Low latency decoding with NVCUVID

I am using an NVIDIA GTX 970 video card, under Ubuntu 14.04 64 bits.

I am trying to do low latency decoding with NVCUVID. I would like to achieve zero-frame latency, but, currently, it seems that the parser always introduces a latency of one frame.

I am using the NVCUVID library to decode a raw H264 stream made of only IDR frames (with an encoder configured for zero latency). In order to decode, I am feeding the parser (configured with MaxDisplayDelay=0 and ErrorThreshold=100) with several NAL units that cover an entire video frame.

When calling cuvidParseVideoData() the first time (giving it a CUVIDSOURCEDATAPACKET pointing to a buffer with the NAL units of the first IDR frame), the callback pfnDecodePicture() is not called. I need to either feed the parser another frame, or mark the buffer as “end of stream”. I would like the first call to cuvidParseVideoData() to call pfnDecodePicture() instead of waiting for the next call.

Is there a way to prevent the CUVID H264 parser from buffering one frame before transmitting the picture data to the decode callback?

Thank you!

(while always marking the source data packet as “end of stream” should work for streams with only IDR frames, I intend to use P frames afterwards)

You’ll want to be careful about not buffering decoded frames, because this is used to improve device performance. That being said, I’m also interested in reducing the latency of decoding video.

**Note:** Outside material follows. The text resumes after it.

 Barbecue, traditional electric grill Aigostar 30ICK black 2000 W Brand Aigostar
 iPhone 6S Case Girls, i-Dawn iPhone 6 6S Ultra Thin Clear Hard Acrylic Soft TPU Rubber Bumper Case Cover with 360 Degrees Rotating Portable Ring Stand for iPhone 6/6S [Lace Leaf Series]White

Have you gotten any leads?

I am curious: What kind of use cases require this kind of low latency decoding, and what are latency requirements in actual units of time, i.e. number of milliseconds?

I am using GTX860M on Windows 8.1 and have the same issue with NVCUVID.
CUvideoparser makes one frame latency.
Does anyone know how to achieve zero frame latency with NVCUVID?